La presunzione d’innocenza non sarà certo scudata dal decreto legislativo approvato dal Governo, ma è un primo passo. Un passo timido per qualcuno, una sterzata pericolosa per altri. In mezzo non ci può che stare la constatazione atavica che il processo provoca danni che nulla hanno a che vedere con l’accertamento dei fatti e, invece, troppo hanno a che vedere con la reputazione delle persone coinvolte. E non sono gli imputati, si badi bene, i più esposti.
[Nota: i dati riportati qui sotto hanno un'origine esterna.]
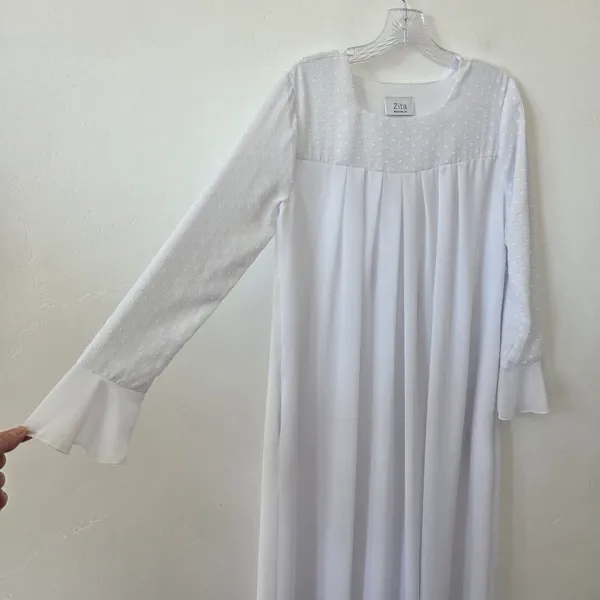 Zita White Maxi Dress Temple Church Baptism Modest Pockets High Neck Small - Image 3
In troppe occasioni sono le vittime a finire nel tritacarne, a essere passate al setaccio, a dover rendere conto dei propri comportamenti agli occhi di un’opinione pubblica che morbosamente è alla caccia di particolari, di pruderie, di risvolti.

La costruzione mediatica del mostro non è mai unidirezionale e, a volte, è impossibile stabilire a priori lungo quale piano incrinato scivolerà la biglia della benevolenza o quella delle stimmate contro il carnefice o contro la sua preda. Come e perché processo e media si siano incontrati e quando abbiano intrecciato questo insalubre connubio non è questione che possa essere risolta in poche battute. Sul perché sia così difficile spezzare questo legame, però, possono essere dette alcune cose. Le nuove norme non stanno tutte nel codice di procedura penale. Strano, penserà qualcuno. Ma come la presunzione d’innocenza è uno dei principi cardine del diritto e il suo “rafforzamento” non cade nel perimetro del processo? È proprio così. Le norme che hanno alimentato più polemiche non stanno nel codice del rito, ma in un oscuro ai più decreto del 2006 che riguarda l’organizzazione del pubblico ministero. E queste nuove regole disegnano una nuova disciplina dei rapporti del procuratore della Repubblica con la stampa e sono inserite in un grappolo di disposizioni tutte volte, come dire, a contenere gli slanci mediatici degli investigatori.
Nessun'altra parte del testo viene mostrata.